WORK INSTRUCTION
Of the lines in the data below, write out exactly those from the one holding "Rubicon Autophagy Regulator" through the one holding "Nerve Cells, Computer", both included.

EXERCISE INPUT
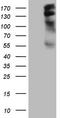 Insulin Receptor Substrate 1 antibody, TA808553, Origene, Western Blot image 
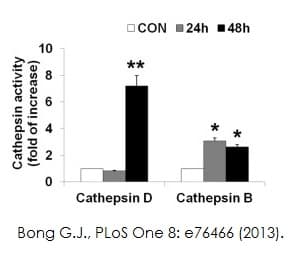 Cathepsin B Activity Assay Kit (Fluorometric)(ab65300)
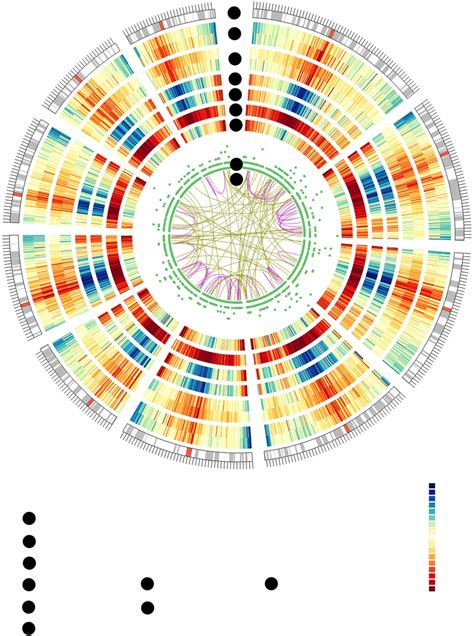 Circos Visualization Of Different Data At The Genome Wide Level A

...

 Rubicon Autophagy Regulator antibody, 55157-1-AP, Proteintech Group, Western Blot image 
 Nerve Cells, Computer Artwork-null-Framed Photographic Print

TASK RESPONSE
 Rubicon Autophagy Regulator antibody, 55157-1-AP, Proteintech Group, Western Blot image 
 Nerve Cells, Computer Artwork-null-Framed Photographic Print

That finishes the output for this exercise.